Going through all his predecessors’ studies with a fine-tooth comb, the chemist combined new molecules, hoping to find one
that would kill aphids, red spiders and armyworms without leaving too many toxic residues in the vegetation and environment.
For months on end, his entomologist colleagues tested his combinations on leaves, stems and ears of corn infested with all
kinds of insects. In its hundreds of cages and containers, the Boyce Thompson Institute harbored an unimaginably rich zoo
of the infinitely small. It also had acres of glass houses in which all the climates of the planet could be recreated around
a limitless variety of plants. In large glass cases the different molecules could be tested with sprays of varying doses,
directed from every possible angle at samples of every variety of crop. The entomologists Haynes and Moorefield would then
deposit colonies of insects raised in their laboratories on the treated surfaces. Hour by hour they would observe their subjects’
agony. They collected the corpses on glass slides, examined them under the microscope, and subjected the plants and soil to
detailed analysis to find any traces of chemical pollution. Their observations would enable their chemist colleague to hone
the production of an insecticide ever nearer to what was required.

After three years of intense effort the team came up with a combination of a methyl derivative of carbamic acid and alpha
naphthol, in the form of whitish crystals soluble in water. Those three years had been taken up with hundreds of experiments,
not just on all known species of insects, but also on thousands of rats, rabbits, pigeons, fish, bees and even shrimps and
lobsters. Finally, one evening in July 1957, the three zealots in Yonkers, together with their wives, were able to crack open
a bottle of champagne. Although the god DDT had had to be cast down, agriculture would not remain defenseless. Sevin, born
on the banks of the Hudson, would soon put a weapon in the hands of all the farmers of the world.

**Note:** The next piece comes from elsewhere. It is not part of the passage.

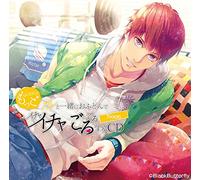 DRAMA CD - Drama CD (Yuki Ono) - Motto Kare To Issho Ni Ofuton De Ichaicha Gorogoro Suru CD Noon [Japan CD] BR-72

Carbide was quick to flood America with brochures proclaiming the birth of its miracle product. There was no end to the praises
sung to it. To underline its “low toxicity to humans,” photographs depicted Herbert Moorefield, one of the inventors of Sevin,
in the process of tasting a few granules with all the glee of a child licking his chocolate-coated lips. According to the
publicity, Sevin protected an infinite range of crops: cotton, wheat, lemons, bananas, pineapples, olives, cocoa, coffee,
sunflowers, sorghum, sugar cane and rice. You could spread it on maize, alfalfa, beans, peanuts and soybeans right up until
harvest time, with no danger of any toxic residues. It worked just as well on adult insects as it did on eggs and larvae.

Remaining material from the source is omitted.